**Task objective:** Would you repeat exactly the part of the listing below that runs from the line containing "Ministro Flávio Dino" down to the line containing "175 Cranbury Road", inclusive, and nothing else?

**Listed entries:**
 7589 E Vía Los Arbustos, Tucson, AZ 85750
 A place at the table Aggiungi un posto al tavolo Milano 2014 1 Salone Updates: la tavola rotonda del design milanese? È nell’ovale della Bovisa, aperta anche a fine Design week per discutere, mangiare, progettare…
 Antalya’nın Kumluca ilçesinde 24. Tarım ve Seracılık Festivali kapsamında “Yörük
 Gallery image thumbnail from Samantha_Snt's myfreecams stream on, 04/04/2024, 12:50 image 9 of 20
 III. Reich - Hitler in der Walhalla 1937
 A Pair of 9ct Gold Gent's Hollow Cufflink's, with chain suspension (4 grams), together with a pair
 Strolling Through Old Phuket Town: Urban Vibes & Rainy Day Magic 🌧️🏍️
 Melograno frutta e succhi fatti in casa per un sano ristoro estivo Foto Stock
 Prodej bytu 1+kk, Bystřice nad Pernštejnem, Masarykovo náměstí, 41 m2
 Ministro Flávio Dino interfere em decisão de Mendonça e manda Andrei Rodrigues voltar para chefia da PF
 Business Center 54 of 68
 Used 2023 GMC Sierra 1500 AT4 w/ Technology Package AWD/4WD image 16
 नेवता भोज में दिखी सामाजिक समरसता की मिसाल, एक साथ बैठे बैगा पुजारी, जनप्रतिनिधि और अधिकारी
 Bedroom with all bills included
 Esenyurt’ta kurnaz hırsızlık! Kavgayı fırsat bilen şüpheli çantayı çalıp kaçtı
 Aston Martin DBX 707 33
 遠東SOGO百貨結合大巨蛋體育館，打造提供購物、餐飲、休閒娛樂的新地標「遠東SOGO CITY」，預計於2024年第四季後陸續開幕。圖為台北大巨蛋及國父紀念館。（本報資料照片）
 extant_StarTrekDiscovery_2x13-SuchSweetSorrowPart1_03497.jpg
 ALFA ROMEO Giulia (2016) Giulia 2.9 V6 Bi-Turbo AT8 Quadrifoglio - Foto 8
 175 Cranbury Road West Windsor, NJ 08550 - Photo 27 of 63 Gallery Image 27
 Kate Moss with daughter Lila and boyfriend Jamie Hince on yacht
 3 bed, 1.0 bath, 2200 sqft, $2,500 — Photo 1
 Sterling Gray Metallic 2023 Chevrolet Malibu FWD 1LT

**Written response:**
 Ministro Flávio Dino interfere em decisão de Mendonça e manda Andrei Rodrigues voltar para chefia da PF
 Business Center 54 of 68
 Used 2023 GMC Sierra 1500 AT4 w/ Technology Package AWD/4WD image 16
 नेवता भोज में दिखी सामाजिक समरसता की मिसाल, एक साथ बैठे बैगा पुजारी, जनप्रतिनिधि और अधिकारी
 Bedroom with all bills included
 Esenyurt’ta kurnaz hırsızlık! Kavgayı fırsat bilen şüpheli çantayı çalıp kaçtı
 Aston Martin DBX 707 33
 遠東SOGO百貨結合大巨蛋體育館，打造提供購物、餐飲、休閒娛樂的新地標「遠東SOGO CITY」，預計於2024年第四季後陸續開幕。圖為台北大巨蛋及國父紀念館。（本報資料照片）
 extant_StarTrekDiscovery_2x13-SuchSweetSorrowPart1_03497.jpg
 ALFA ROMEO Giulia (2016) Giulia 2.9 V6 Bi-Turbo AT8 Quadrifoglio - Foto 8
 175 Cranbury Road West Windsor, NJ 08550 - Photo 27 of 63 Gallery Image 27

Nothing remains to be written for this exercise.